Nicht nur im Rheinland, sondern auch in vielen anderen Provinzen und Ländern des Deutschen Reiches etablierte sich in der 2. Hälfte des 19. Jahrhunderts die Kaltblutzucht. Aufgrund der positiven Erfahrungen setzte sich die belgische, bzw. Rheinisch-belgische Zuchtrichtung immer stärker durch, wurde schließlich ab etwa 1910/20 dominierend.

1904 wurde das westfälische Pferdestammbuch gegründet. Da man in der Provinz Westfalen sowohl Kalt- als auch Warmblut züchtete, wurden im Stutbuch zwei gleichberechtigte Abteilungen eingerichtet.

Der für Provinz Sachsen im Jahre 1899 gegründete Zuchtverband, ab 1912 unter dem Signum "Pferdezuchtverband der Provinz Sachsen" firmierend, betreute zunächst sowohl die englische (Shires, Clydesdales) als auch die belgische, bzw. rheinisch-belgische Zuchtrichtung. Die englische Periode endete 1920 mit dem Ausscheiden des letzten Shire-Hengstes im Jahr 1919.

Ohne die vielfachen Verdienste der übrigen Zuchtgebiete schmälern zu wollen, Ton angebend in der Zucht des ab 1920 als "Rheinisch-Deutsch" bezeichneten Kaltblutpferdes waren die drei preußischen Provinzen Rheinland, Westfalen und Sachsen (einschließlich Anhalt). Die firmierten unter der Bezeichnung "alte Zuchtgebiete", während die übrigen, unabhängig vom Alter ihrer Kaltblutzuchten, kategorisch als "junge" Zuchtgebiete bezeichnet wurden.

Bezeichnend ist, dass keine Hengste aus den jungen Zuchtgebieten in den Hengstdepots Wickrath (Rhld.), Warendorf (Westf.) oder Krenz (Sachsen) eingestellt wurden.

Dank züchterischer Auslese und gezielter Fördermaßnahmen verbesserte sich die Qualität des Rheinisch-Deutschen Kaltblutpferdes innerhalb weniger Generationen. Maßgeblichen Anteil daran hatten mehr oder weniger gezielte Importe wertvoller Zuchtpferde aus dem belgischen Mutterland. Insbesondere der Ankauf bedeutender Hengste durch private Züchter und die staatliche Gestütsverwaltung verbesserten das Niveau der Zucht enorm.

Ab etwa 1920 kann das Rheinisch-Deutsche Kaltblut als eigenständige Rasse bezeichnet werden.
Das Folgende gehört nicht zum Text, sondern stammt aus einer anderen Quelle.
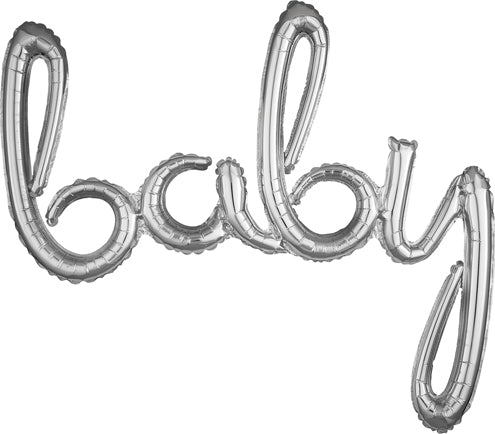Baby Silver Script Balloon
Importe von belgischen Zuchtstuten unterblieben weitgehend. Auf die Einfuhr belgischer Zuchthengste wurde nicht gänzlich verzichtet., wobei sehr hohe Anforderungen an die Qualität der Hengste gestellt wurden.

Wirtschaftlich-politische Rahmenbedingungen (Zolltarife, Meistbegünstigungsklausel) sorgten für Masseneinfuhren von Gebrauchspferden aus Belgien, Dänemark und andren Ländern.

Die dadurch verminderten Absatzchancen für einheimische Arbeitspferde hatten negative Auswirkungen auf das Zuchtgeschehen, die Bedeckungen stagnierten, bzw. waren rückläufig. Mit Beginn der Nazi-Herrschaft kam ein Umschwung. Offensichtlich schöpften die Landwirte aus den Wirtschaftsversprechungen der "Blut-und-Boden-Ideologie" des Regimes neue Hoffnung. Die Kaltblutzucht erhielt neuen Schwung, überflügelte die Warmblutzucht sogar deutlich.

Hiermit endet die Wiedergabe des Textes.